Global or slope instability is unfortunately widespread in geotechnical engineering and can occur in soil of any classification. Methods for assessing slope stability commonly assume circular failure surfaces, which are often fairly accurate compared to observed failure surfaces. Global instability failures often come to completion rapidly, and those at the dam noted the final breach was remarkably swift and loud. One bystander recalled that the air displaced by the onrushing waters of Lake Conemaugh toppled mature trees and sent rip-rap boulders flying. Other observers, including Col. Unger and John Parke, commented that the final breach had appeared more like a pushing away of the center of the dam than like a decisive breaking of it. These accounts suggest that global instability was involved to some extent in the final failure of the dam. Several experienced dam engineers have given credence to this hypothesis (Kaktins et al. 2013, McCullough 1968).
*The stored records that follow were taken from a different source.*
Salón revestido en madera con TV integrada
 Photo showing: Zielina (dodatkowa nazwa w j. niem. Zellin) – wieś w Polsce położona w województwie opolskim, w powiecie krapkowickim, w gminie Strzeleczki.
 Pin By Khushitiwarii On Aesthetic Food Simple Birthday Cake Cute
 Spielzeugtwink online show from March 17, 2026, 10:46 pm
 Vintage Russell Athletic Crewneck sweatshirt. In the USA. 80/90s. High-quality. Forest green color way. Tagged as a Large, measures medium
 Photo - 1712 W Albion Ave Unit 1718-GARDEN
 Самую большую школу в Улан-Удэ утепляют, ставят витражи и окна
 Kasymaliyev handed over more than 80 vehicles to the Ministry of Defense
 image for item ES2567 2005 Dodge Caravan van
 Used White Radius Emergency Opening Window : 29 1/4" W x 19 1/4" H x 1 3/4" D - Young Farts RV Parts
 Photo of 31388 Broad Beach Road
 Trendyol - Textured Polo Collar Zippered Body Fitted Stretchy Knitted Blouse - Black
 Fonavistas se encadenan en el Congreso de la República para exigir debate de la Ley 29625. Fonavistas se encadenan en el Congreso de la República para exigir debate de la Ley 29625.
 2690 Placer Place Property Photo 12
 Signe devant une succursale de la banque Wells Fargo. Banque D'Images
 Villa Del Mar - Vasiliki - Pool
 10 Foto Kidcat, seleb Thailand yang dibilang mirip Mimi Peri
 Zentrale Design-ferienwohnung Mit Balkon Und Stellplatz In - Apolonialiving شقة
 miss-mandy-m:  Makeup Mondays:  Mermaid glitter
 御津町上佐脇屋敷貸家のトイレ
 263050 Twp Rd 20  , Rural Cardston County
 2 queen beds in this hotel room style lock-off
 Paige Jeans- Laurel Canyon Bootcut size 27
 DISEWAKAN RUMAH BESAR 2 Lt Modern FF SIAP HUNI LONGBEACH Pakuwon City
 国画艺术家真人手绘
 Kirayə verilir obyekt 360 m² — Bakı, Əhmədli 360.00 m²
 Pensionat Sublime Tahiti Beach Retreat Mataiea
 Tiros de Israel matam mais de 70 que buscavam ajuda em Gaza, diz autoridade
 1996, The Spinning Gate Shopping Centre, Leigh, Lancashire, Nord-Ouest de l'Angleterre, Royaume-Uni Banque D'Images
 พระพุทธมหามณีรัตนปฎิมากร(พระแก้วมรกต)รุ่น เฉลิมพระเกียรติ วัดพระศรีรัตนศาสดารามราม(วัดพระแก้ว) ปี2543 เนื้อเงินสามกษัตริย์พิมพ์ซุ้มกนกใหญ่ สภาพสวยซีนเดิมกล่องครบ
Illustration of Method of Slices
Figure 25: Diagram of the method of slices, a common technique for global stability analysis.
Source: Geoengineer (2021).

 

Diagram illustrating common characteristics of global instability failures
Figure 26: Common characteristics of global instability failures.
Source: Braun Intertech (2016).

Static liquefaction occurs when excess pore water pressure builds up in loose, granular soil, which reduces its shear strength. Such a build-up may happen when loads are imposed on the soil without allowing adequate time for drainage or when internal seepage, such as piping, changes the water content of the soil. Eventually, a triggering event occurs, causing a shear failure in the soil. Such events may involve a rapid rise in adjacent water levels (potentially also causing overtopping) or a loss of confining stresses in the soil due to lateral strain. While undrained clays cannot undergo static liquefaction, they may exacerbate it by amplifying lateral strains in overlying granular soils during triggering events. Static liquefaction is a common cause of dam failures, especially among those impounding mine tailings, or waste products. Many dam failures due to static liquefaction have also involved global instability (ASDSO 2022 C, Kaktins et al. 2013, KCB 2018, Rodriguez Pacheco 2018).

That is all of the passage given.